Lol, so more MP will make a blurry image sharp? 

Yes.



Here's one more example, shot with a T1i/500D (9-pt AF). Compare to your previous shots, and hopefully this time my point will sink in.

"Mallard at Sunset"

Rebel T1i, EF 300mm f/4L IS USM, 1/500 s, f/4, ISO 200

Here’s the sharpness of the T3 vs. The T1i, I’m pretty sure the Owl shot with the T3 is focused about as well as possible.
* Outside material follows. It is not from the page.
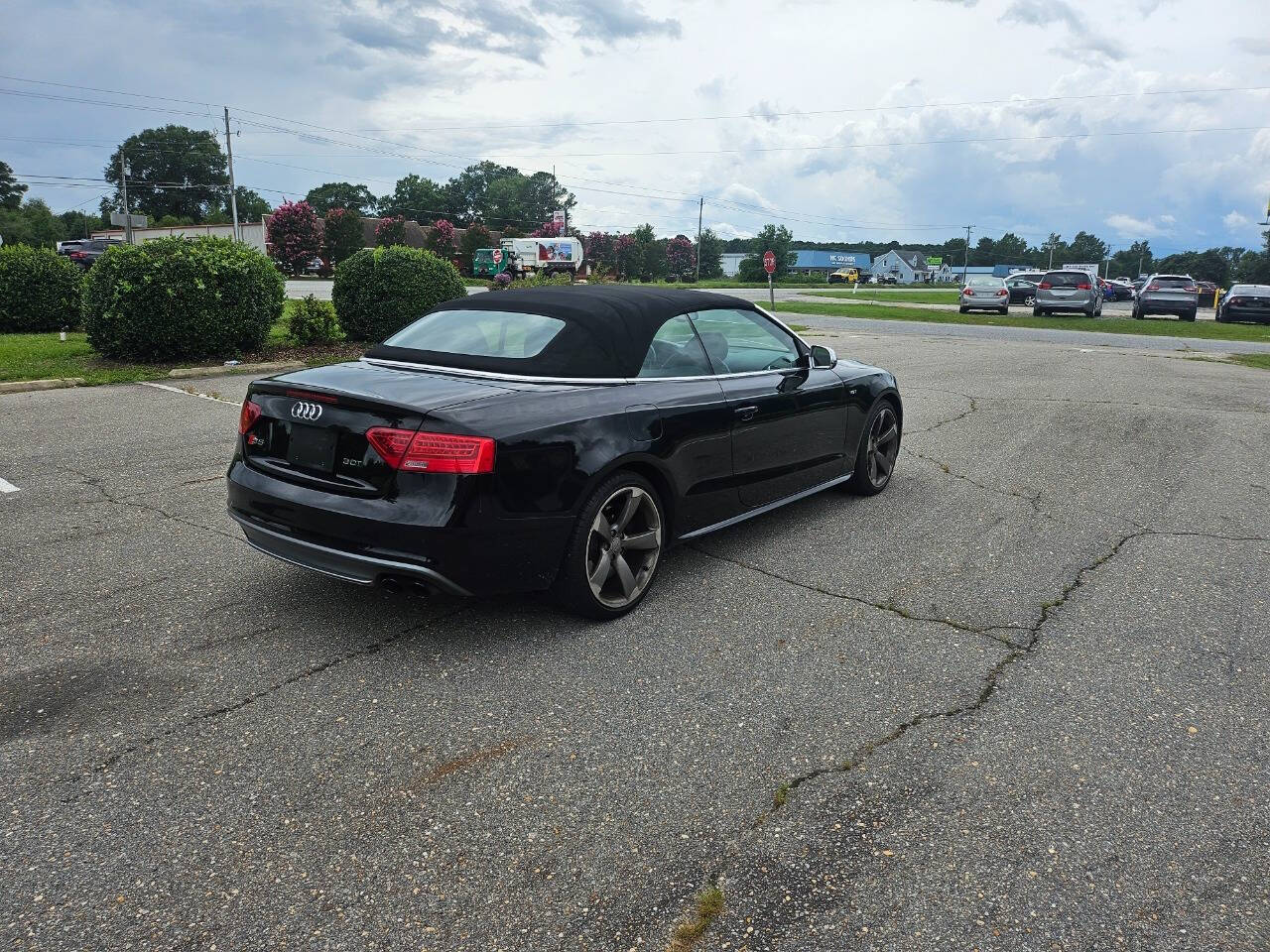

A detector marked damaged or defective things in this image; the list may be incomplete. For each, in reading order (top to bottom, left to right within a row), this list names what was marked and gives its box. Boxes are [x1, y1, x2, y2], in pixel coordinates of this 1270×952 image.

cracked pavement [0, 332, 1264, 949]
pavement crack [686, 547, 1021, 654]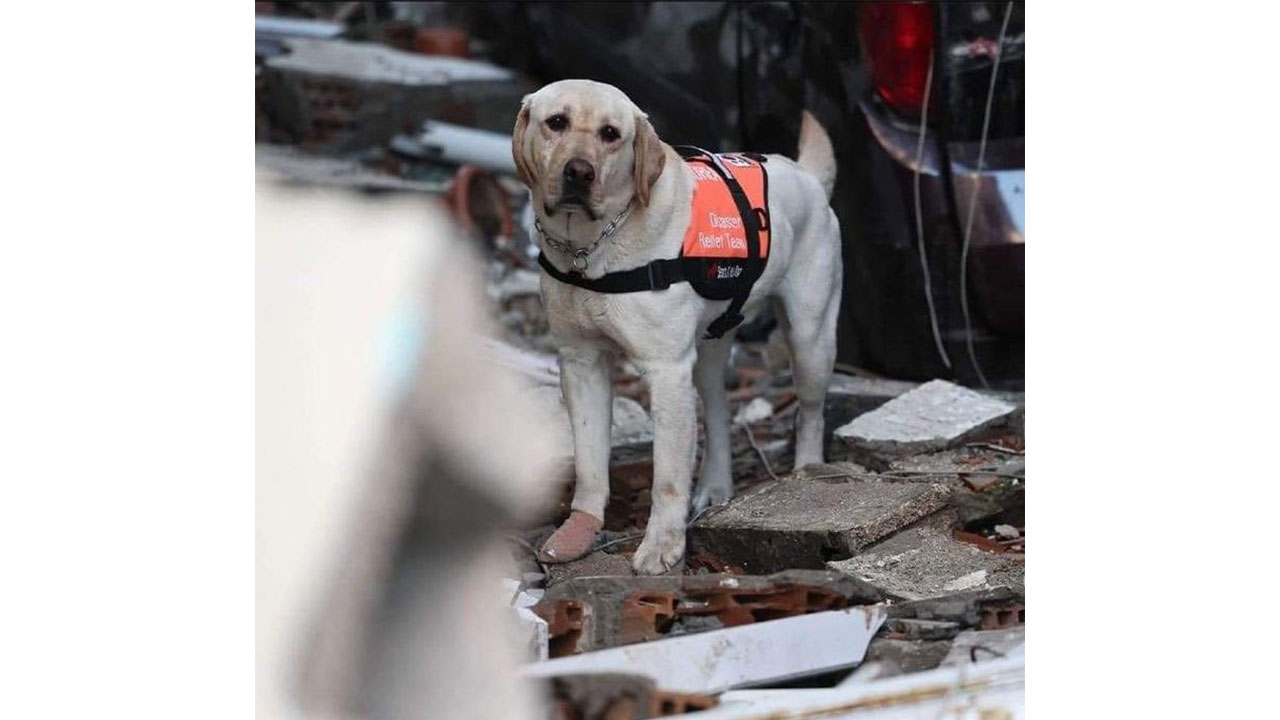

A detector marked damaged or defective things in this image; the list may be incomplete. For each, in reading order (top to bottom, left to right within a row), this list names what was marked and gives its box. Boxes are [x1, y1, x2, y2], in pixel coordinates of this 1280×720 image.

https://www.the-digital-picture.com/Reviews/ISO-12233-Sample-Crops.aspx?Lens=458&Camera=760&Sample=0&FLI=0&API=3&LensComp=458&CameraComp=488&SampleComp=0&FLIComp=0&APIComp=3

Lemme just put it this way.

See the peacock here?

That was with an 18MP EOS 60D (9-point AF, all cross type).

And it's nowhere sharp. Simply because it was out of focus (and the lens didn't help either, it was a crappy Tamron 18-270mm first-generation, shot at 77mm).

That bird with the 100mm macro was actually further away, mind you (and with the same camera too, but downsampled to a lower resolution).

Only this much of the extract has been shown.